Lessons in extremes tonight: a reminder of important things I already knew, but that I forgot for a while; and then a lesson in the very important things I know, but that I choose to neglect. Bad, bad bird.
I was doing so well, and now I just want to be swallowed into the ground. I did a very silly thing. I relented on my John contact ban. In a moment of weakness, nay, idiocy I posted a ridiculous YouTube clip on his facebook wall. His very public facebook wall... An effing Seinfeld clip of all things. He hates Seinfeld. What the fuck StrangeBird? I am embarrassed for my alter ego; or is that the other way around?! Jesus.
It gets worse, I go the whole hog when I go for personal shame. Not enough that I go the public post, a lame post at that. No, I have to extend the misery...returning three hours later to the scene of the crime to find not a comment, not a pity like; nada-zip-zilch. It shouldn't be a big deal, but it is - because in my mind, he was supposed to see the post, get a laugh, remember how much he missed hearing from me and write back. If I wasn't so occupied being angry at myself for being weak and pathetic, I'd be angry at him for being a stupid, stupid man. I have such a flair for self torture, it's almost an art.
After what we shall from this moment on, call 'The Seinfeld Incident', I took myself to a presentation on 'Sparkling with Confidence - for women'. Some fucking sparkling specimen of a woman I make. Recently I realised I had lost contact with my 'internal' self, and I began to find myself drowning in a sea of my own thoughts. I've been floundering. The talk was interesting and served as a reminder not to let that naughty voice in my head rule me. I think that naughty voice tricked me tonight. Not only did I do something dumb, I also broke a promise to myself, which is the worst betrayal. I know I'll recover...but.

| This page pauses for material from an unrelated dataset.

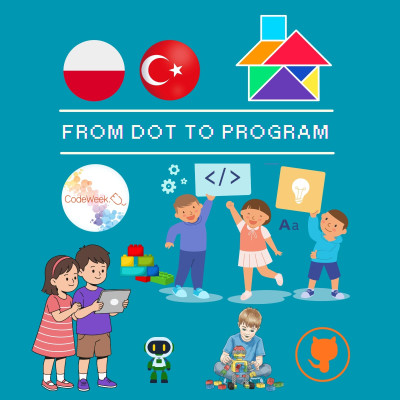 Ja i moje zainteresowania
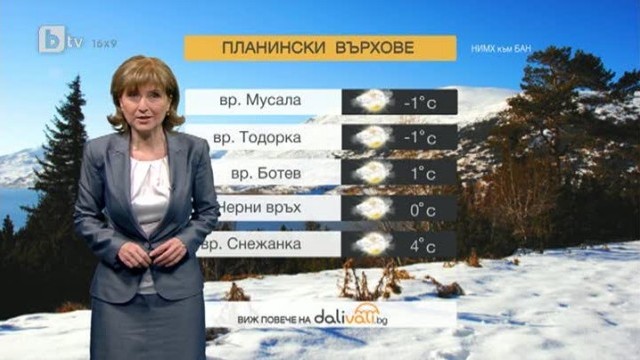 Снимка: Времето - Късна емисия - 20.02.2014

The presenter told a story tonight, about her experience at being at a meditation camp. Every day she would meditate outside, she loved to listen to the tweeting birds - she noticed early on, a lovely sounding parrot, but determined to keep on track she avoided searching for the source of the noise. Everyday the thought of this parrot brought her joy, until the sixth day when she realised it wasn't a parrot at all - but rather a squeaking toilet door. She was initially upset with herself for mistaking a toilet door for an exotic bird - the 'parrot' had delivered her joy, but now what she had was the memory of a toilet. It was at that point she stated that we have a choice in every situation - to choose the parrot, or the poo. For me, tonight was a steaming Seinfeld shaped poo, tomorrow I will hopefully find a parrot to focus on.